Food, of course, was there for every bit of it.

Sunday, July 15, 2007

Anchovies

When I first heard of anchovies, they were described to me in with the describing of the most disgusting pizza the teller had ever encountered. "There are these tiny, salty, oily little FISH on the pizza", I was informed.
Horrible.
I don't think I ate an anchovy in my life after that. My mother knew I disliked them, and as the increadibly accomodating lady that she is, she would cook something different or leave them out for me whenever she used them in a dish. So there were no anchovies for me.
Until I came to Al Di La. By the time I interned at the restaurant, I was determined to try whatever crossed my path. We lay whole anchovy filets across the top of the carpaccio, and served grilled escarole in thicky anchovy vinaigrette with an extra spash of sherry vinaigre. That grilled escarole was perhaps my favorite single food Al Di La served. It seldom came my way, since it was a side made to order so there was none leftover at the end of the night, but I was ecstatic the few times it did.
It was the flavor of the anchovies they did it. Blended into a vinaigrette with other ingredients, it was this rich, wonderful salty-sour slightly -- unconsciously -- fishy. On the bitter, barely-charred, silky-wilted escarole it was phenomonal.
From then on I have trusted anchovies, and they have not let me down. There aren't many dishes that know how to use them, and there aren't many cooks who are brave enough to include them, but they're are a few tins in every grocery store for only a few dollars, and a few of them can make a delicious meal.
This one has been served here twice this summer, the first time as an off beat meal for myself, Z, and our beer-swilling, lady-enticing, meat devouring metal head friend, who ate more than his share of it and complimented me on cooking a more or less meatless meal. The second time was tonight, when Z asked me to make it again because he had enjoyed it so much.

Take two heads of broccoli and cut them into small florets.
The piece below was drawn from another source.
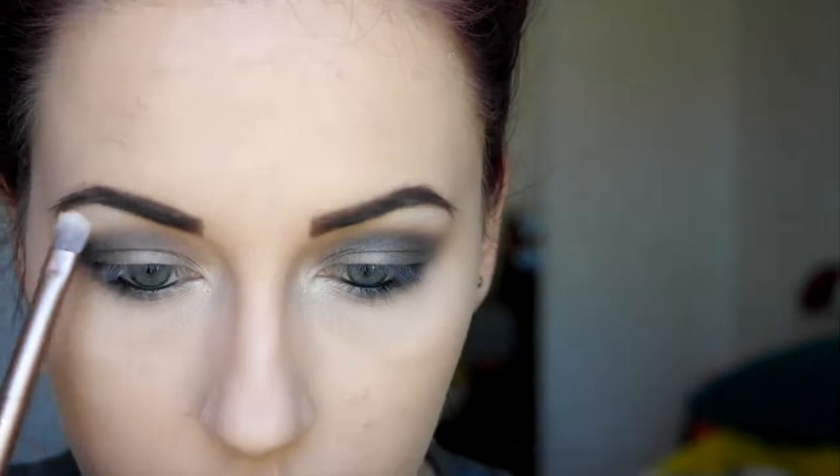For my inner corner highlight I am using the candlelight Too Faced highlight to touch up the inner corners and give a nice glow, and I'm using that for my brow bone highlight as well. Then I'm going to do my mascara and that's the finished look for the eyes — now we'll move on to the rest of the face.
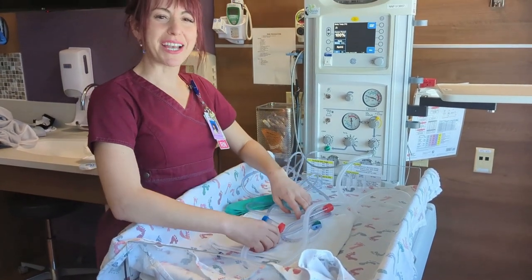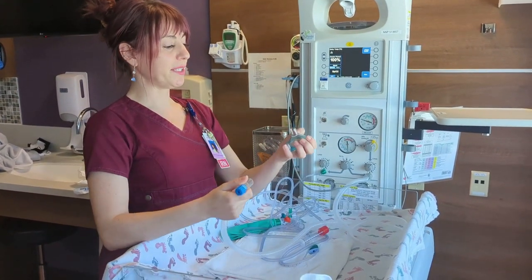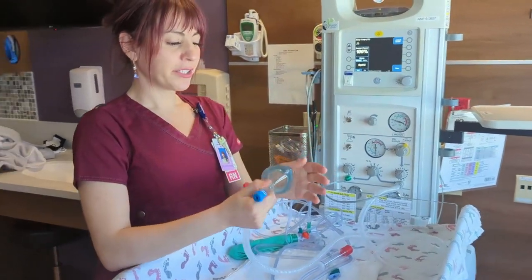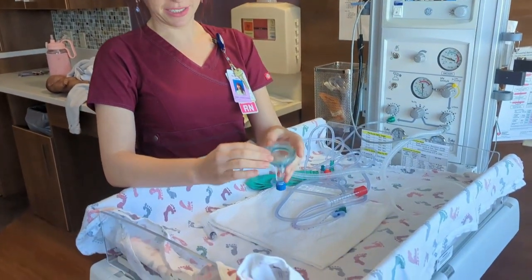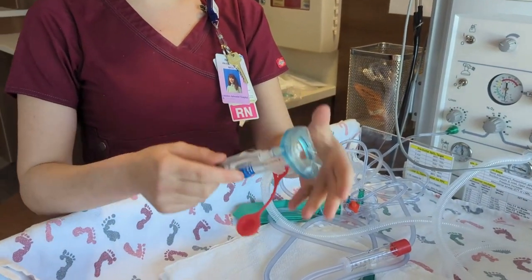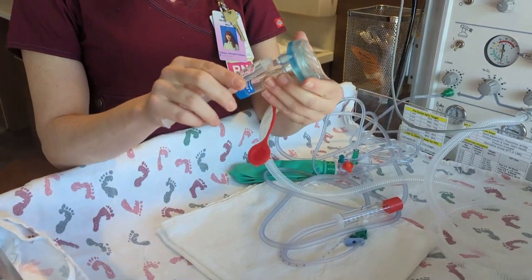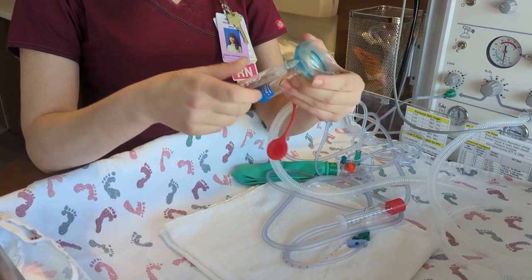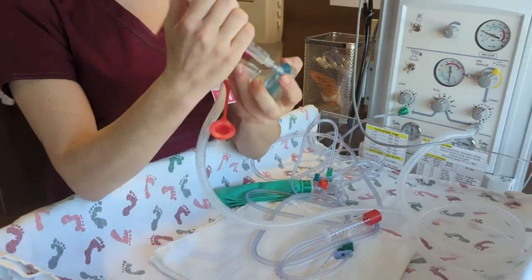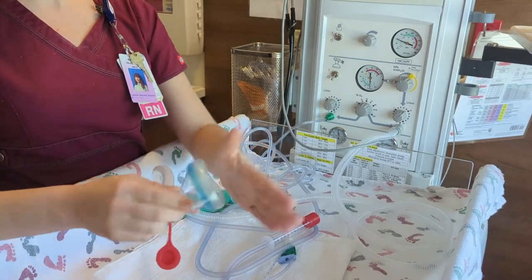Now let's find an appropriately sized mask for the baby we're expecting. We're expecting a term baby, so I'm going to use this newborn mask, but it seems a little deflated. We're always going to check our mask to make sure it fits well. If it's really deflated or over-inflated, you can attach your syringe to the top here and add some air.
Chop 5 anchovy fillts and three nice cloves of garlic. Make sure you have salt, fresh black pepper and dried red pepper flakes on hand, as well as butter and olive oil. Also parmesan cheese. Boil enough water to cook 1 pound Farfalle. Salt the water plentifully. When it boils, add the pasta. After 5 minutes, add the broccoli florets. Cook about 5 minutes more.
Mean time, heat about half a stik of butter (cut smaller) and 1/4 cup olive oil in a really, really big skillet. Biggest you have. Maybe a wok. Add the anchovy, garlic, and a good pinch red pepper flakes. Cook about five minutes, then add the broccoli, and pasta, and some black pepper. Toss. Add some reserved pasta water (you reserved it, remember) to make a light sauce. Sprinkle generously (like, maybe 1/4 cup generously), with grated parmesan cheese. This is essential.
Serve.

This dish is really yummy and feels nice and light, yet filling, on a summer day. The anchovies give it alot of flavor, but for the life of me I can't really describe it. Anchovies are like that.

Thursday, July 5, 2007

Don't Try This At Home

Once upon a time there was a boy. He was technically proficient and resourceful, and he liked to make things. He especially liked to make things from other things, putting his creations together in unexpected ways. They were often quite beautiful, and sometimes even technical. He had an eye for the absurd.
Which is probably what got him involved with the girl. She was strange, more or less a study in contradictions. She loved food and cooking, and writing, and reading, and stories. She tended to play it safe, and safely did things that no sane person would have done.
They loved each other and lived together in an apartment with a tiny kitchen, and the girl took great pains to put together a batterie de cuisine that would serve their every need.
They had an ice-cream maker and a whisk and they had pots and pans and an immersion blender and sharp knives and plates of all different sizes.
On Fourth of July, to prove that they were very patriotic and loyal to Asia in general and Korea in specific, the girl bought two steaks and froze them. When they were frozen through, she and the boy took turns cutting them paper thin with a very sharp knife. The boy was better at this part, so the girl busied herself making a marinade. For 1.5 pounds of sirloin, she used:
1/4 cup Safflower Oil
1/2 cup soy sauce
1 tsp. cayenne pepper (this made it VERY spicy, use less if you don't look food hot)
1 tsp. ground black pepper
1/4 cup granulated sugar
To this she added 1 packed tablespoon of fresh grated ginger and 1 bunch of finely chopped scallions, and all of the shaved beef.
She let it sit in the fridge for 1 hour, and busied herself with the rest of the meal. First for an apetizer she boiled soba noodles and ran them under cold water until chilled. She served them with a dipping sauce made of soy sauce, rice vinegar, some scallions and grated ginger. After it was all eaten, she had her guest wash and stem a 1 lb. bunch of spinach, and then she placed the leaves in a pot of boiling water until they were just wilted, and then she fished them out and let them cool off and drain. She placed them on a plate and dressed them with the remains of the dipping sauce, plus about a tablespoon and a half of sesame oil and another two tablespoons or so of rice vinegar. She snipped some scallions over this and placed it in the fridge to cool off a bit.
She had the Boy turn on the rice-maker, with rice.
When the meat had been an hour marinating, she took big flat frying pan and heated it up, without oil (because there was so much oil in the marinade). She cooked the meat in small batches (about 4 of them) for about two minutes per batch, flipping/stirring once.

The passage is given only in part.